# [EXERCISE PROMPT]
Only the lines from the one containing "8920 National Ave, Morton Grove, IL" to the end of the data should be copied, exactly and without pictures.

(GIVEN MATERIAL Opens)

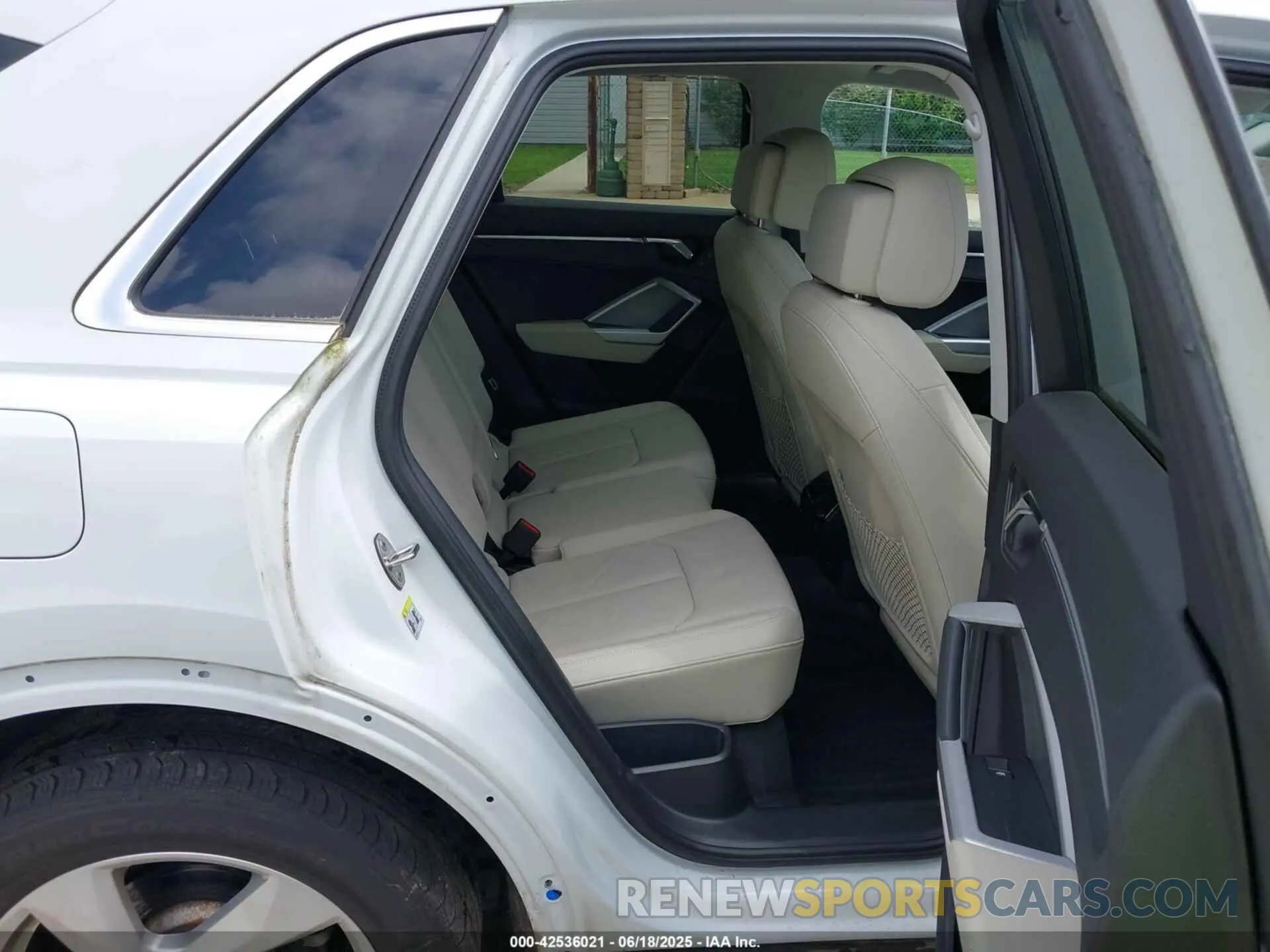 8 Photograph of a damaged car WA1BUCF36N1138119 AUDI Q3 2022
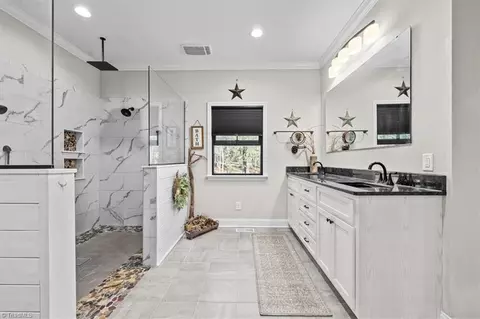 Bath - 151 Borden Rd, Robbins, NC 27325 photo 4 of 7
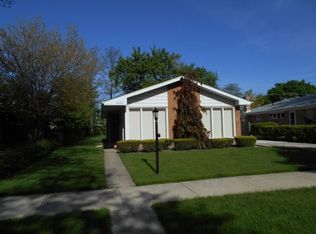 8920 National Ave, Morton Grove, IL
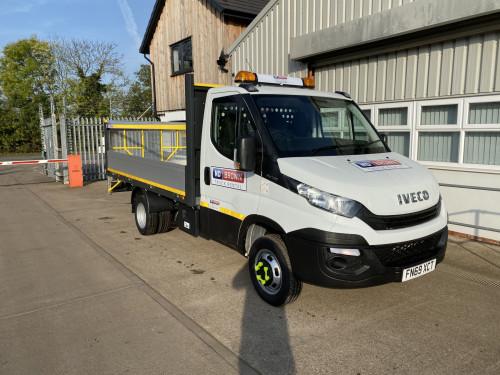 3.5T Dropside with or without tail lift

(GIVEN MATERIAL Closes)

# [OUTPUT OF THE EXERCISE]
 8920 National Ave, Morton Grove, IL
 3.5T Dropside with or without tail lift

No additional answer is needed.